### [GOAL OF THE EXERCISE]
Every line from the one with "ACEITE PARA EL" up to and including the one with "Карта памяти Silicon-Power" is to be output exactly as it appears below; pictures are not.

### [RECORDS]
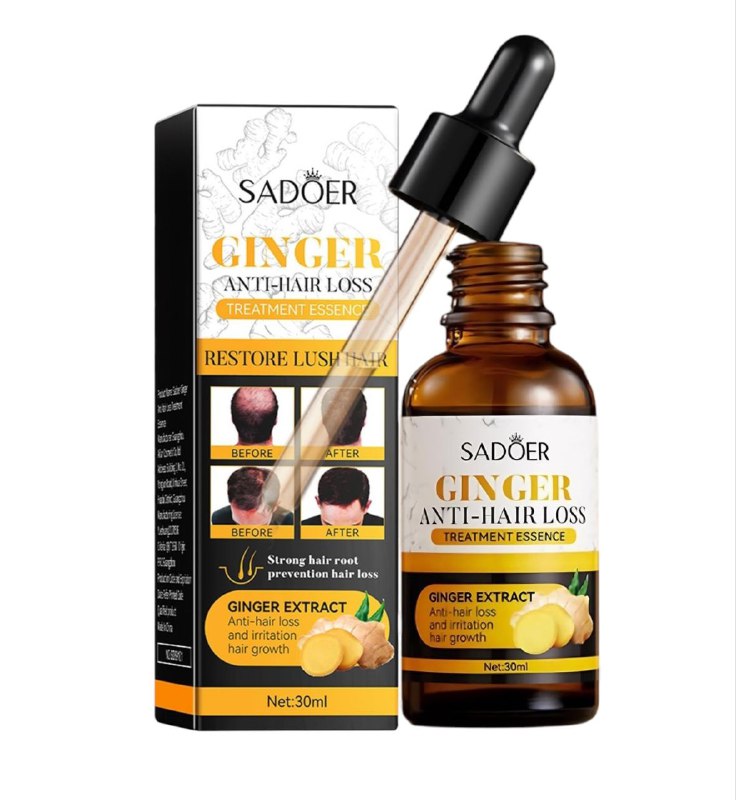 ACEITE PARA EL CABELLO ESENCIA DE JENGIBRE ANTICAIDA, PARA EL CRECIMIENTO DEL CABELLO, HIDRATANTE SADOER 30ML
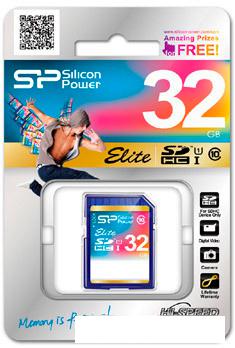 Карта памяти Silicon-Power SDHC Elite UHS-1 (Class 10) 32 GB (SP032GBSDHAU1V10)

* * *

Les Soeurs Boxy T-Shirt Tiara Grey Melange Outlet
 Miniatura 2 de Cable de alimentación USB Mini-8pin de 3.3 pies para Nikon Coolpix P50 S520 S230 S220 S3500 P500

### [ANSWER BOX]
 ACEITE PARA EL CABELLO ESENCIA DE JENGIBRE ANTICAIDA, PARA EL CRECIMIENTO DEL CABELLO, HIDRATANTE SADOER 30ML
 Карта памяти Silicon-Power SDHC Elite UHS-1 (Class 10) 32 GB (SP032GBSDHAU1V10)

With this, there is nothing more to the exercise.